- _Exercise goal_:
Every line of the listing below from the one with "Photo 4 of Townhouse" up to and including the one with "3 bedroom semi-detached" should be retyped exactly, and nothing else; pictures are not part of the copy.

== Segment start ==

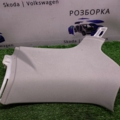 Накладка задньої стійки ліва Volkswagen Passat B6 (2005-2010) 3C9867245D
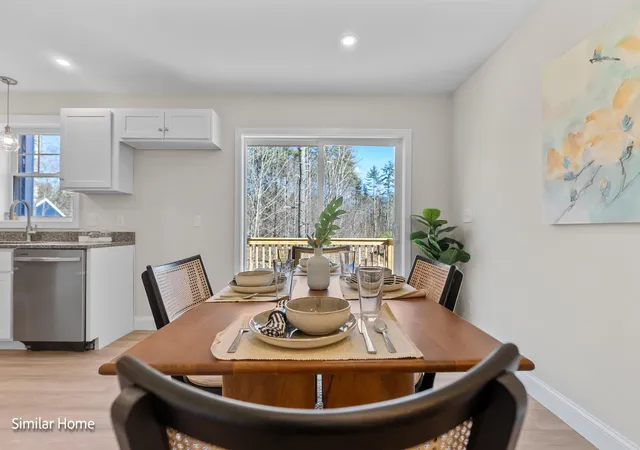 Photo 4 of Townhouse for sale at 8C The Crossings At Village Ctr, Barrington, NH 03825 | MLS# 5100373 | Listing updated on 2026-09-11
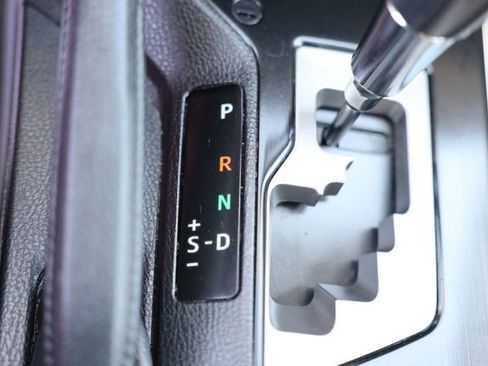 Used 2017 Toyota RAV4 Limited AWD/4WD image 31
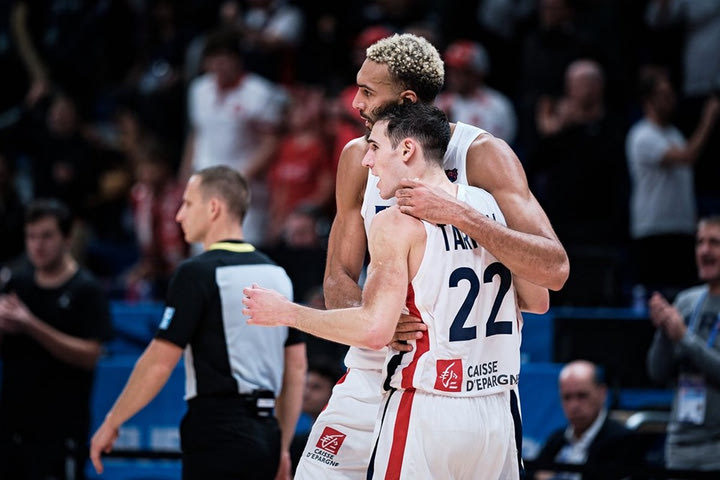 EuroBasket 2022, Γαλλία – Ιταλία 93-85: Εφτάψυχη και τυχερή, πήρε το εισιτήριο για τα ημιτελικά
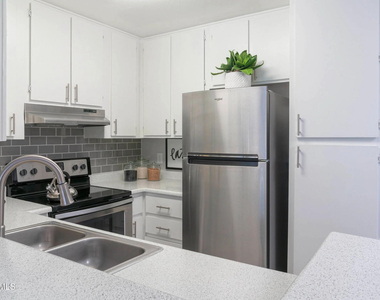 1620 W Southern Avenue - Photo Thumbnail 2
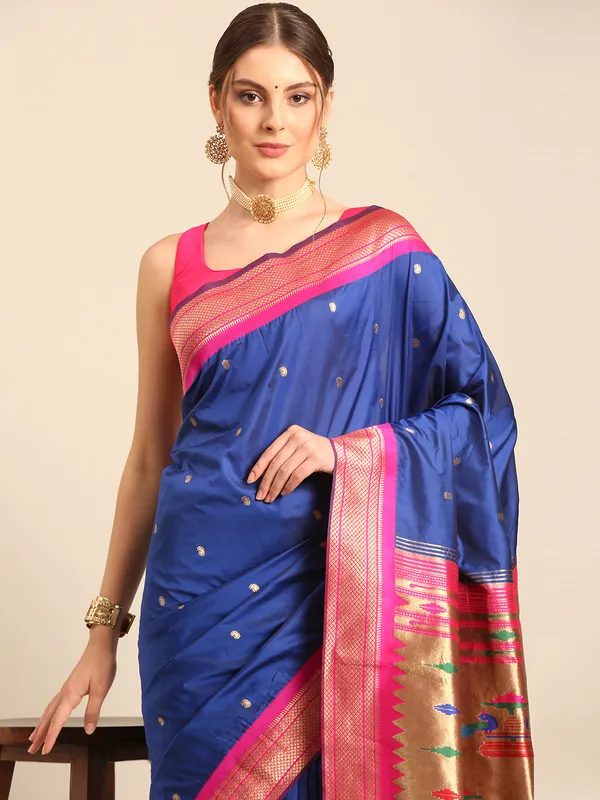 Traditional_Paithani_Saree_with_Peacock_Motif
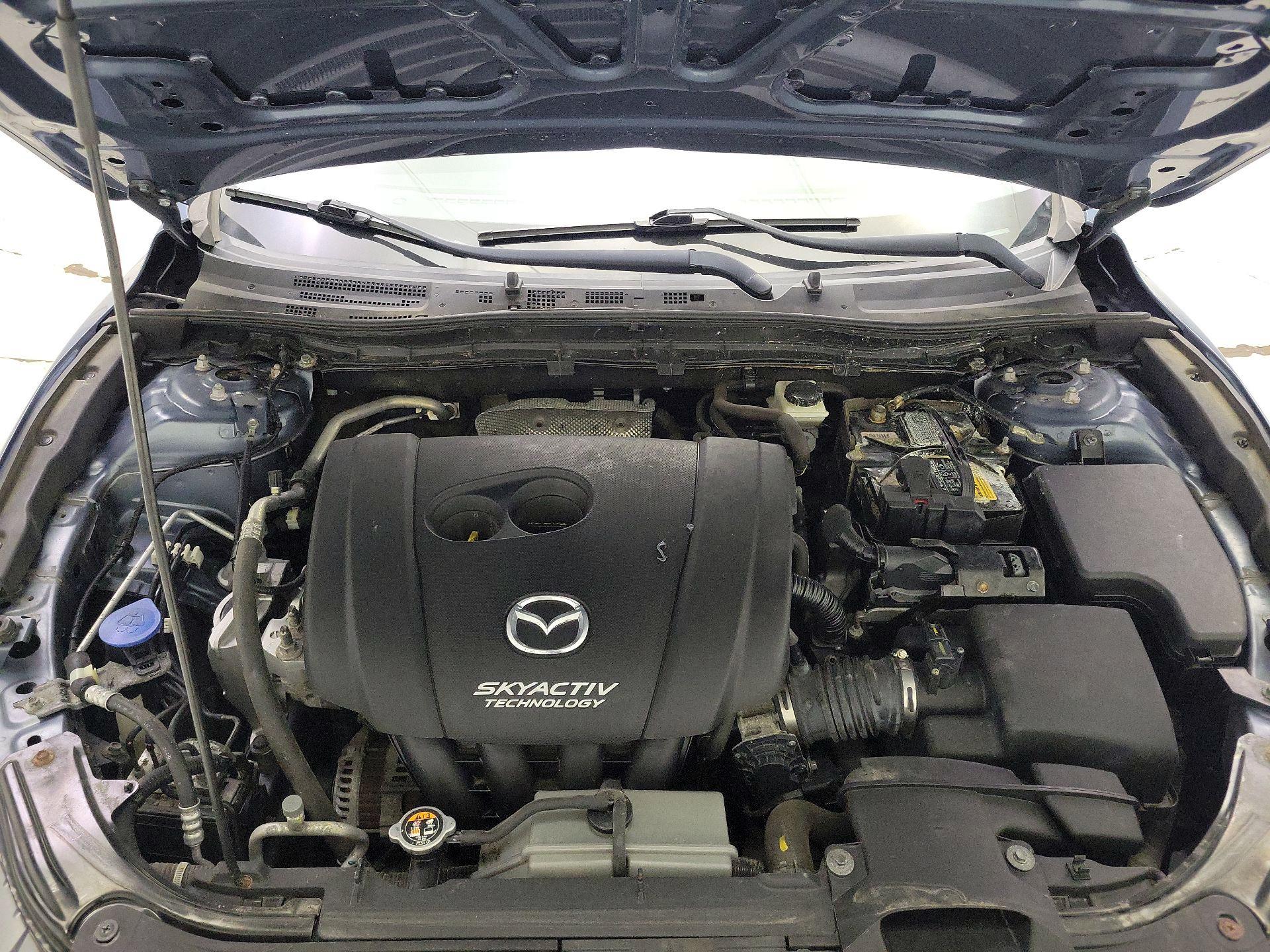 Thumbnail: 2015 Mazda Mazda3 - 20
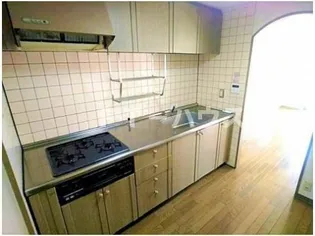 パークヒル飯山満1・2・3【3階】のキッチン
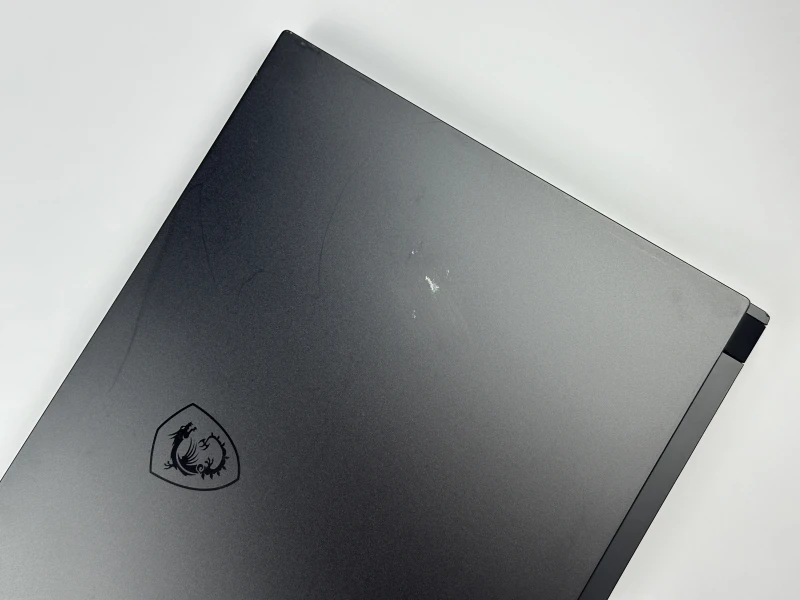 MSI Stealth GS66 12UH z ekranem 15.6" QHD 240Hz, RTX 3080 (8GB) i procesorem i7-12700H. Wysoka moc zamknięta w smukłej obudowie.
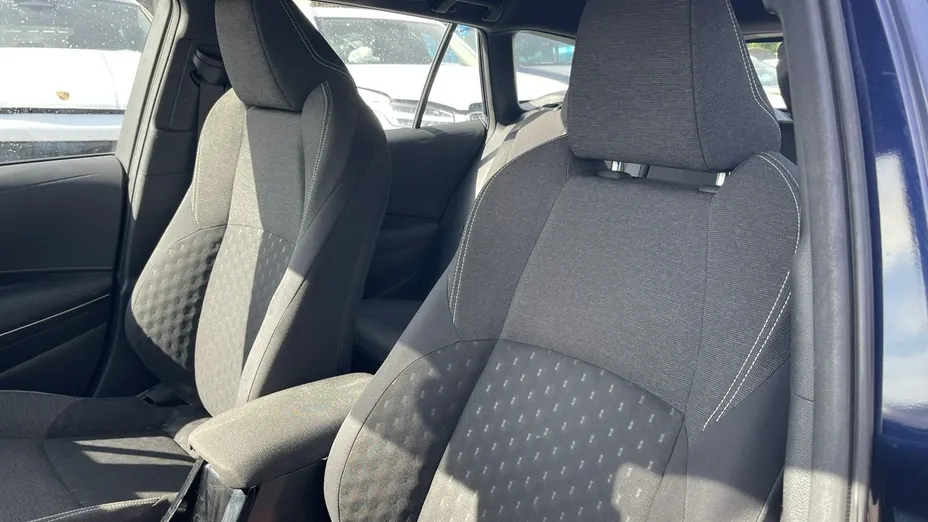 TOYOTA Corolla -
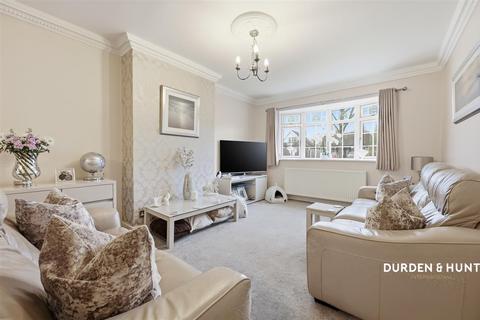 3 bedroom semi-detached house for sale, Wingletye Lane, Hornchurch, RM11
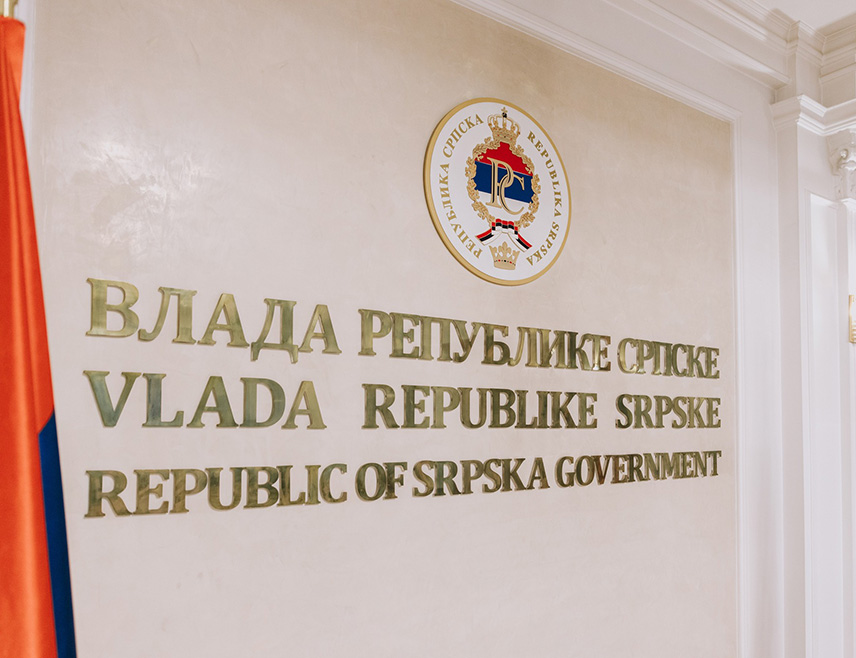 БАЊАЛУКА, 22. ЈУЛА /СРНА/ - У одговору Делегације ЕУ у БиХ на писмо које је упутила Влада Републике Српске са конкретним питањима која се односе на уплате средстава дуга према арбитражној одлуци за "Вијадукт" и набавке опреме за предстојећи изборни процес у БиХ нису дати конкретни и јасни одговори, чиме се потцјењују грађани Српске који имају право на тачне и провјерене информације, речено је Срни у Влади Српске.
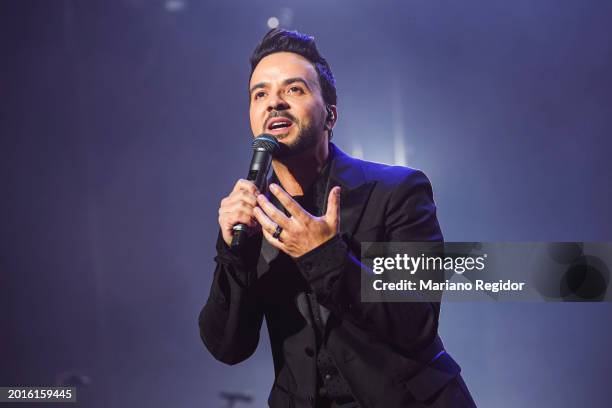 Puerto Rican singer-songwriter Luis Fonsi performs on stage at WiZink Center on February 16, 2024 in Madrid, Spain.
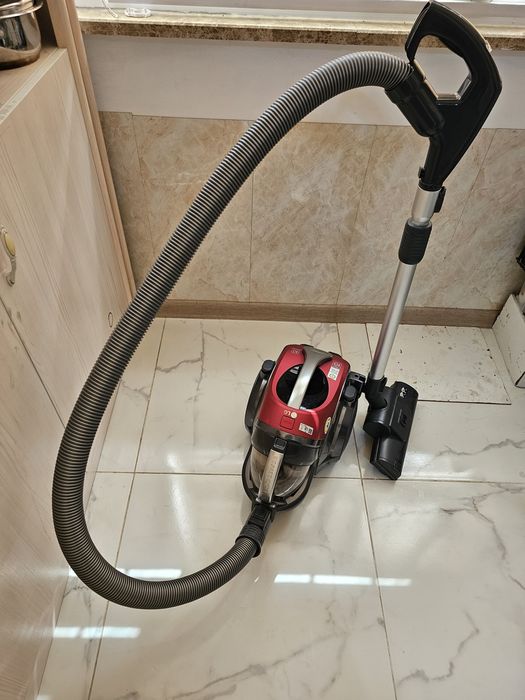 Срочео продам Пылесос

== Segment end ==

- _Result_:
 Photo 4 of Townhouse for sale at 8C The Crossings At Village Ctr, Barrington, NH 03825 | MLS# 5100373 | Listing updated on 2026-09-11
 Used 2017 Toyota RAV4 Limited AWD/4WD image 31
 EuroBasket 2022, Γαλλία – Ιταλία 93-85: Εφτάψυχη και τυχερή, πήρε το εισιτήριο για τα ημιτελικά
 1620 W Southern Avenue - Photo Thumbnail 2
 Traditional_Paithani_Saree_with_Peacock_Motif
 Thumbnail: 2015 Mazda Mazda3 - 20
 パークヒル飯山満1・2・3【3階】のキッチン
 MSI Stealth GS66 12UH z ekranem 15.6" QHD 240Hz, RTX 3080 (8GB) i procesorem i7-12700H. Wysoka moc zamknięta w smukłej obudowie.
 TOYOTA Corolla -
 3 bedroom semi-detached house for sale, Wingletye Lane, Hornchurch, RM11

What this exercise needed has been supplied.